After a five-month battle with the Treasury, the Arrangements Law finally approved was much shorter than the original. A tactical victory – not a strategic one. A strategic victory would involve the total abolition of the law, or an undertaking by the Treasury to limit it to the absolute minimum required.
The first Arrangements Law was introduced by the government in 1985 to implement harsh economic measures needed to cope with hyperinflation. In the years that followed, the law evolved into a device for introducing amendments into existing laws required to implement the budget, and getting them approved by the Knesset in a rush simultaneously with the Budget Law.
However, it didn’t take long before the Treasury started including pieces of legislation that had little or nothing to do with the budget, involving major structural reforms and the cancellation or deferment of private members’ legislation that had been passed despite the government’s disapproval. The law rapidly turned into a classic omnibus law – a law of enormous dimensions that includes provisions in spheres that have nothing to do with each other, and which the legislature is expected to approve without proper deliberation and consideration.
Omnibus laws are not uncommon in the US federal government, but are prohibited in 43 of the 50 states by means of a “single subject rule.”
However, since the US has a presidential system, the background to the omnibus legislation is different to that of the law here.
There are, however, several countries with parliamentary systems that have laws almost identical to the Arrangement Law.
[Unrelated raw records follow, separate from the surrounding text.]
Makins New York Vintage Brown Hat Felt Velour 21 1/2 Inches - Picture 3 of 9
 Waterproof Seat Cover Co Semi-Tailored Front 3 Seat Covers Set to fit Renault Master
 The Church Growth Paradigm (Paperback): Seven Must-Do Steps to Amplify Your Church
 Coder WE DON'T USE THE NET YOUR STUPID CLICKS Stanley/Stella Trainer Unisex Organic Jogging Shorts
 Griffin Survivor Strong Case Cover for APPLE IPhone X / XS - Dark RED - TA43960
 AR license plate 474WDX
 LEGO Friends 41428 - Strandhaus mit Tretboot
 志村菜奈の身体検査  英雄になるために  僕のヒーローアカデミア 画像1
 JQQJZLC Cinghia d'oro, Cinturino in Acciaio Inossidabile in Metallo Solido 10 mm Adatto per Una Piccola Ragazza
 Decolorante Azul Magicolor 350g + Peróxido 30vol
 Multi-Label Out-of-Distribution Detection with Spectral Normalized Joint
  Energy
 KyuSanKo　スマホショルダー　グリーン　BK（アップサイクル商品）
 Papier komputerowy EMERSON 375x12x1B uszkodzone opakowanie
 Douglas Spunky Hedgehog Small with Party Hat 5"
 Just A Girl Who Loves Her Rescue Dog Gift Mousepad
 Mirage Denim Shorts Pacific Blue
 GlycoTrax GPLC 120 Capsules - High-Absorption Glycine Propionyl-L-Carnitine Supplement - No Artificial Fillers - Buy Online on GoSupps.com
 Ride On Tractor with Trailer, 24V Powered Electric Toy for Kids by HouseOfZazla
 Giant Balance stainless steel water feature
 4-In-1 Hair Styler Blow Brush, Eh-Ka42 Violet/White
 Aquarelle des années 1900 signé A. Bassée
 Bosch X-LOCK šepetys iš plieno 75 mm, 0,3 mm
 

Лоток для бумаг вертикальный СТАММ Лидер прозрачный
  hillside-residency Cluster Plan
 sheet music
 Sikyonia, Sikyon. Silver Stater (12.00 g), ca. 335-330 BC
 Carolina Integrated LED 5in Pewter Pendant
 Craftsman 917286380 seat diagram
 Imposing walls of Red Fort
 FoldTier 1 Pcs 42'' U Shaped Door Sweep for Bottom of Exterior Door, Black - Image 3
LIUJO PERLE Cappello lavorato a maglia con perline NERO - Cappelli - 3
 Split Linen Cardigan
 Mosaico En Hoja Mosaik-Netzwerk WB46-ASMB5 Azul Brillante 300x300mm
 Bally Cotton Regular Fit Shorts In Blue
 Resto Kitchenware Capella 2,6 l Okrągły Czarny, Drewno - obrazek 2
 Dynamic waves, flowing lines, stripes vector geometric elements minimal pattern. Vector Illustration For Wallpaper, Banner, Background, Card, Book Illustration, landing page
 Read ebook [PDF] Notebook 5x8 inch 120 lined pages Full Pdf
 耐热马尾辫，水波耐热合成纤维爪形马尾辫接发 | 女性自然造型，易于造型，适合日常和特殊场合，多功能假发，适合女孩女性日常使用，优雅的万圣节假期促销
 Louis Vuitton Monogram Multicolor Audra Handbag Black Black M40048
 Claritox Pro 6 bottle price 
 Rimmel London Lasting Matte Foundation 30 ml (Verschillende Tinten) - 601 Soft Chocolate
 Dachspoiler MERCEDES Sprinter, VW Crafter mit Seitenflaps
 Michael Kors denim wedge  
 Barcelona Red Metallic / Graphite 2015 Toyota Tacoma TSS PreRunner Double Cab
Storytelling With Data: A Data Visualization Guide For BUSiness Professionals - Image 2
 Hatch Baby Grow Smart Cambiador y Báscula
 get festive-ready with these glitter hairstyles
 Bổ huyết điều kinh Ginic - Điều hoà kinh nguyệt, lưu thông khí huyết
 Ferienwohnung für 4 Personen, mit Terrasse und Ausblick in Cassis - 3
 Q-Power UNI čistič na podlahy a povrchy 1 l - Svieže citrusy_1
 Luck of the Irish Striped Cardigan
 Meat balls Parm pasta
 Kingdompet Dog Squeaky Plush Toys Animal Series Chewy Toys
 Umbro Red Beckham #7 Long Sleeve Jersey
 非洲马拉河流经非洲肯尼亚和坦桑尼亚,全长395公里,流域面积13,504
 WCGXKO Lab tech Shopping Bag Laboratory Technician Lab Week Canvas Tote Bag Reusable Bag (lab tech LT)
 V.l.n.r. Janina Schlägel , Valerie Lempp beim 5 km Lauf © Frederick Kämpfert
These include Belgium, Italy, Austria (from time to time) and Canada (its Budget Implementation Act for 2010 was more than 900 pages long). Spain had such a law until 2004, when it was abolished by the newly elected socialist prime minister who had promised that if elected he would do away with it.
It should be noted that all the countries that have laws similar to the Economic Arrangements Law introduced them in times of financial crisis, and in all cases the finance ministries discovered that they were a very convenient tool, even if highly problematic from a democratic point of view.
BEYOND THE efforts of the Knesset speaker to delete from the arrangements bill as many provisions as possible, what can the Knesset do on a more permanent basis? It has two options. It must either make the Arrangements Law illegal, or it must reach a package deal with the government.
On the various occasions on which the High Court of Justice was called upon to rule on issues connected with the Arrangements Law, it stated that while the law is highly problematic, it is not illegal. The conclusion is that to make the law illegal, the Knesset must either introduce the single-subject rule into its legislation (such a provision actually existed at the time of the British Mandate), or pass a law – preferable as part of a Basic Law on legislation – which prohibits hasty legislative procedures, except in times of emergency.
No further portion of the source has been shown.